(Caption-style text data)
▼

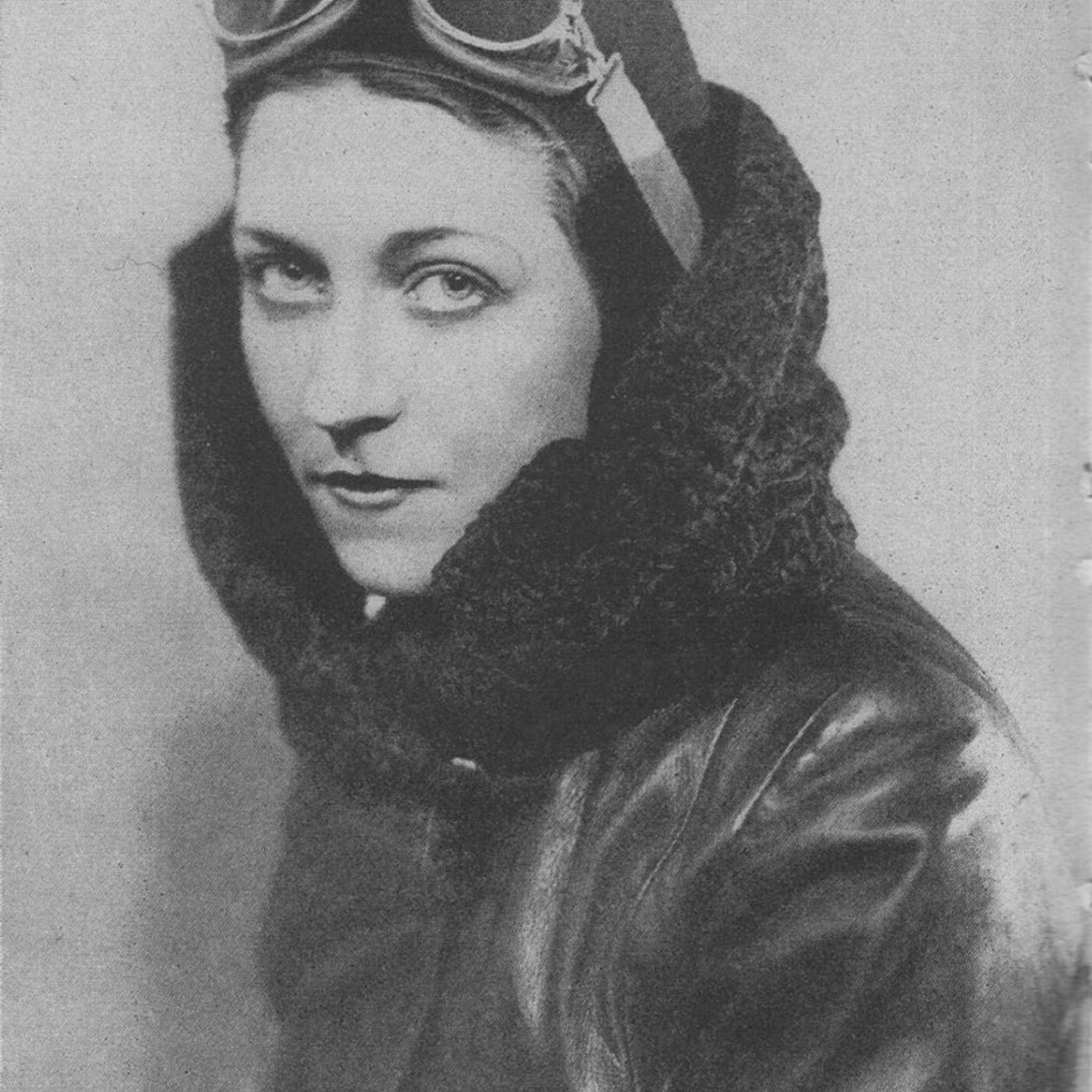 S13E6 Amy Johnson: Rekordpiloten, der på mystisk vis endte sit liv i Themsen - podcast episode cover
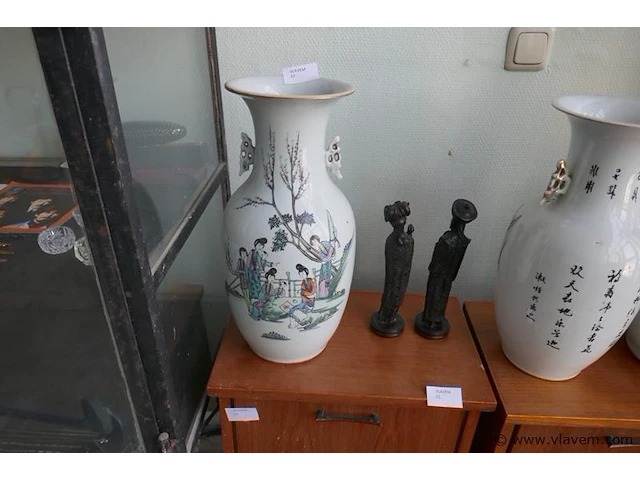 Oude japanse vaas - afbeelding 1 van  3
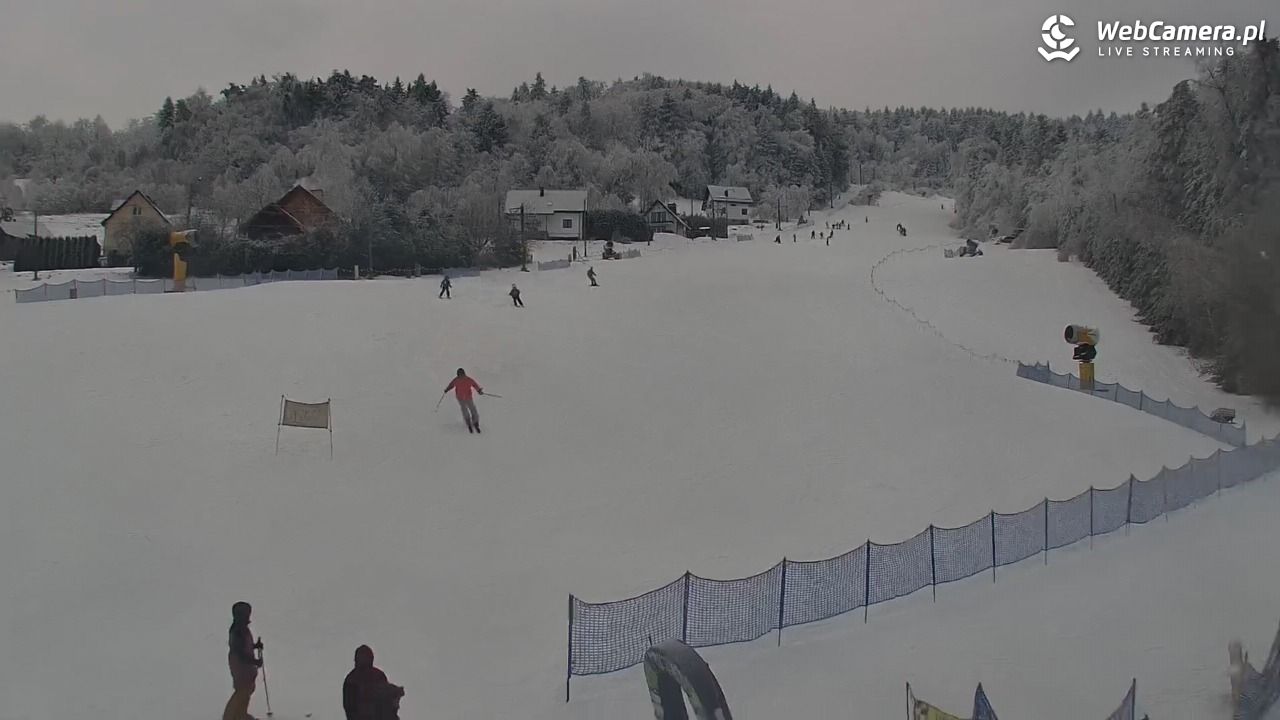 Laskowa-ski - widok z dolnej stacji - 01 luty 2026, 13:43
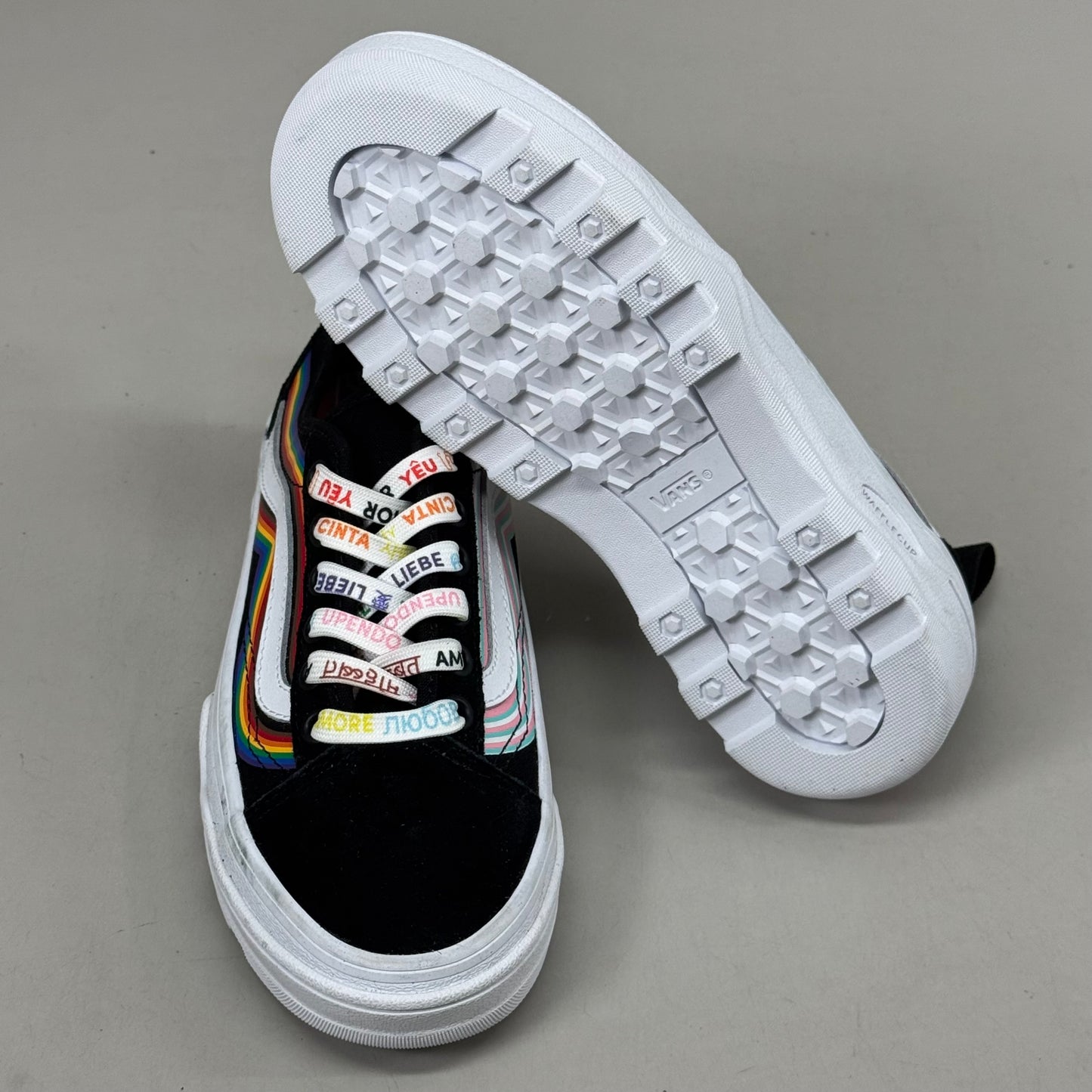 VANS Old Skool Sentry WC Pride Sneaker Women's 5.0 Men's 3.5 Rainbow/Black/White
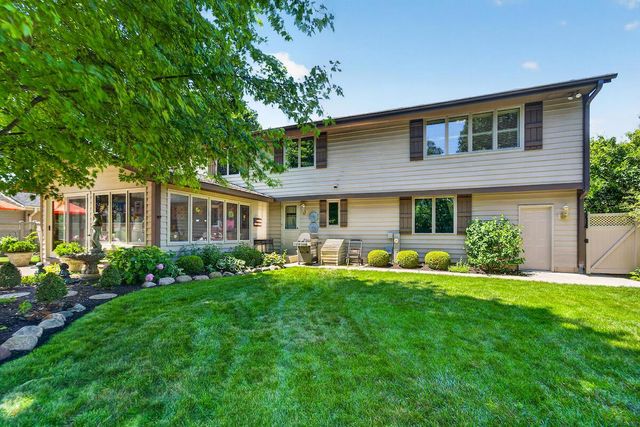 8419 110th AVENUE, Pleasant Prairie, WI 53158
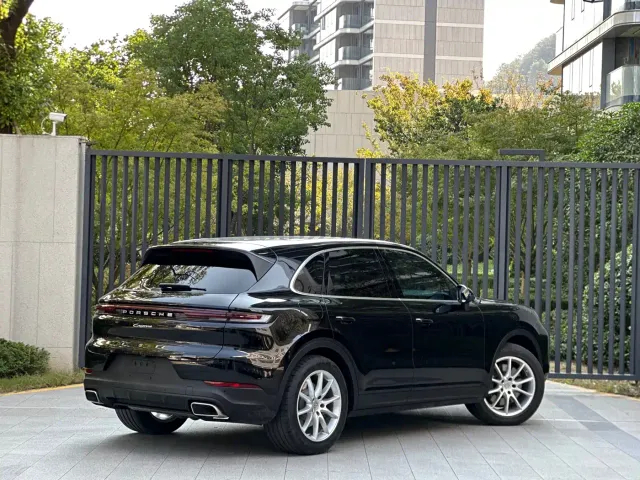 Porsche Cayenne — Фото автомобиля 6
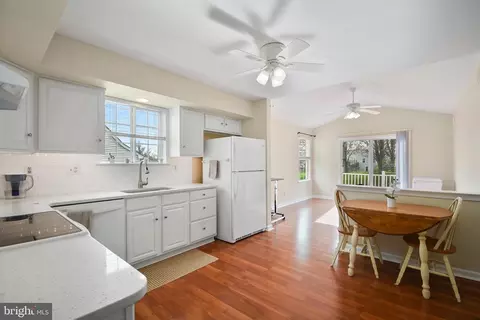 457 E Glenview Dr, West Grove, PA 19390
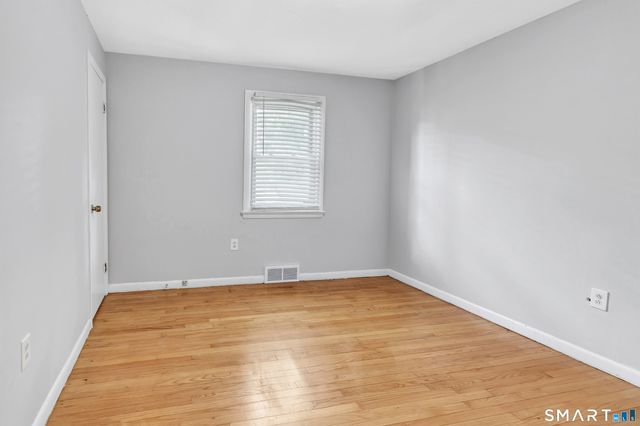242 Marshall Lane, Derby, CT 06418
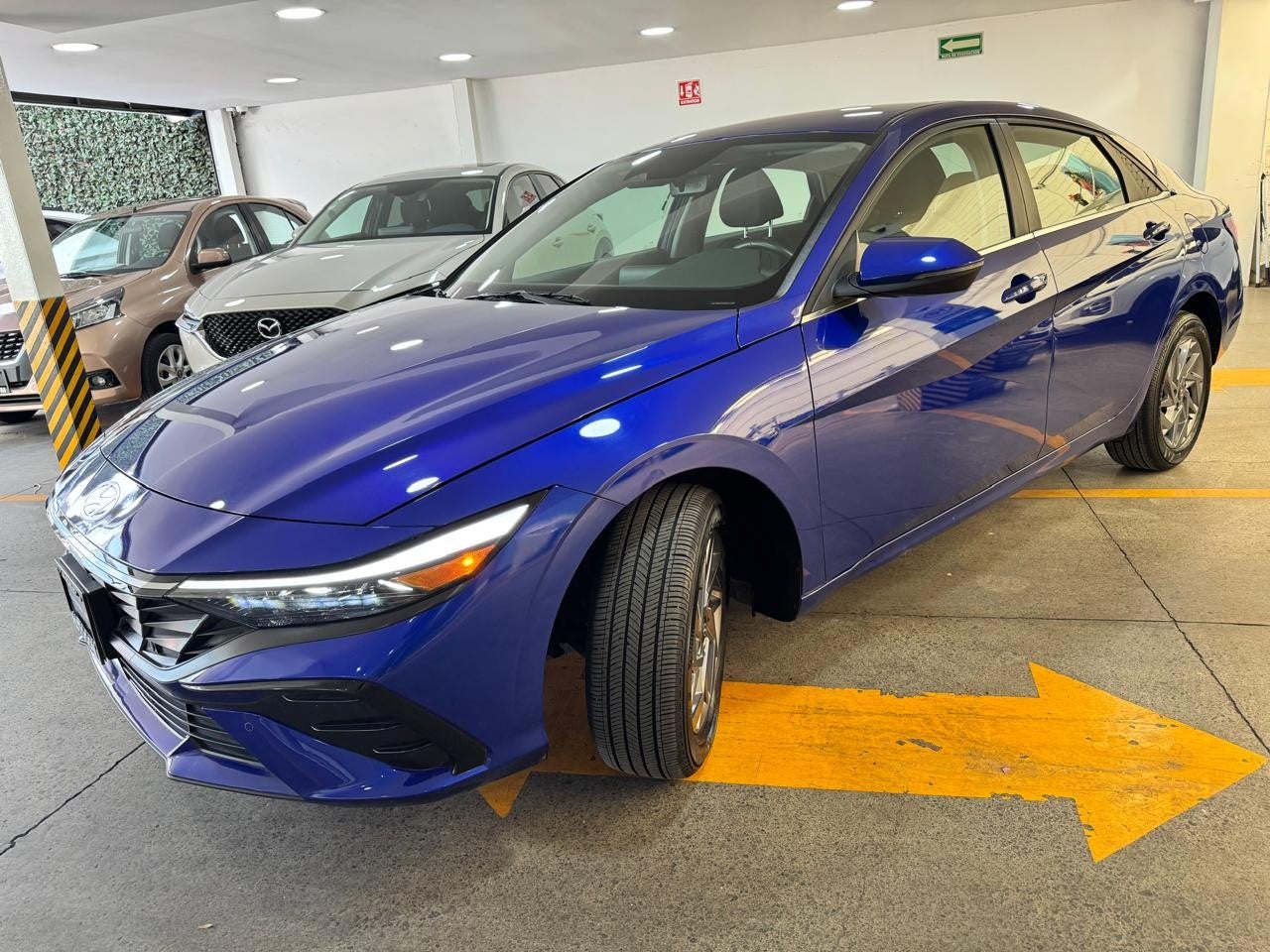 2025 Hyundai ELANTRA GLS PREMIUM DCT HEV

▲

Repeat every entry above exactly; images stay out of the copy.

 S13E6 Amy Johnson: Rekordpiloten, der på mystisk vis endte sit liv i Themsen - podcast episode cover
 Oude japanse vaas - afbeelding 1 van  3
 Laskowa-ski - widok z dolnej stacji - 01 luty 2026, 13:43
 VANS Old Skool Sentry WC Pride Sneaker Women's 5.0 Men's 3.5 Rainbow/Black/White
 8419 110th AVENUE, Pleasant Prairie, WI 53158
 Porsche Cayenne — Фото автомобиля 6
 457 E Glenview Dr, West Grove, PA 19390
242 Marshall Lane, Derby, CT 06418
 2025 Hyundai ELANTRA GLS PREMIUM DCT HEV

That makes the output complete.